Reproduce each line, exactly, from the one containing "MARREA Borsa a" through the end of the material. Exclude pictures.

##### RAW DATA #####

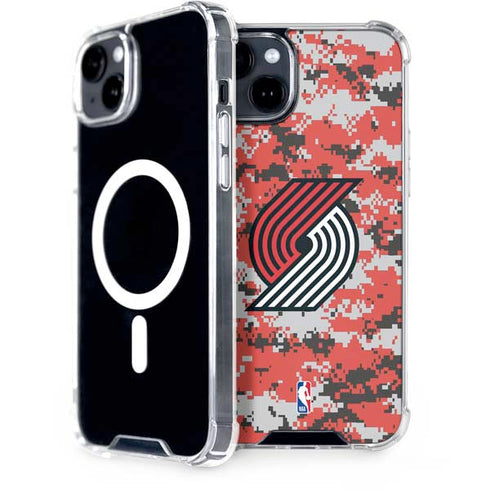 NBA Portland Trail Blazers Digi Camo iPhone 15 Plus MagSafe Case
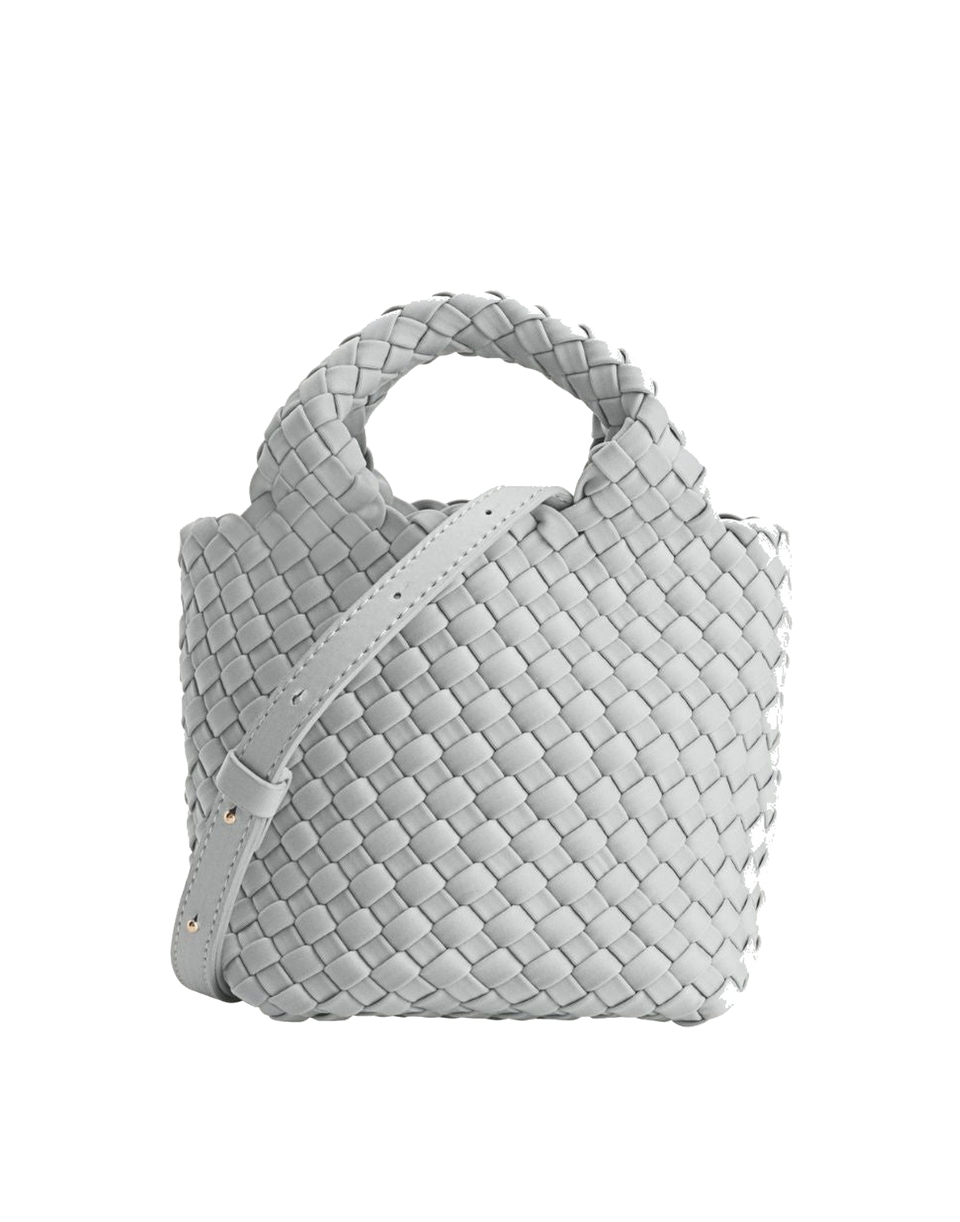 MARREA Borsa a Mano Mini in Neoprene Intrecciato Silver Seashell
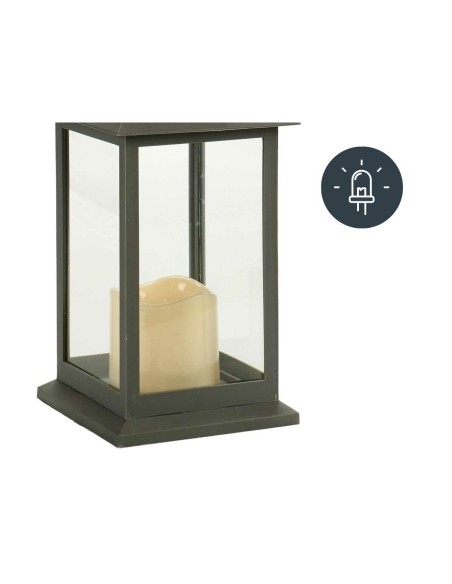 Lanterne à LED Blanc Noir Verre Plastique 13,5 x 34,5 x 13,5 cm (12 Unités)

#####

EXPECTED ANSWER>
 MARREA Borsa a Mano Mini in Neoprene Intrecciato Silver Seashell
 Lanterne à LED Blanc Noir Verre Plastique 13,5 x 34,5 x 13,5 cm (12 Unités)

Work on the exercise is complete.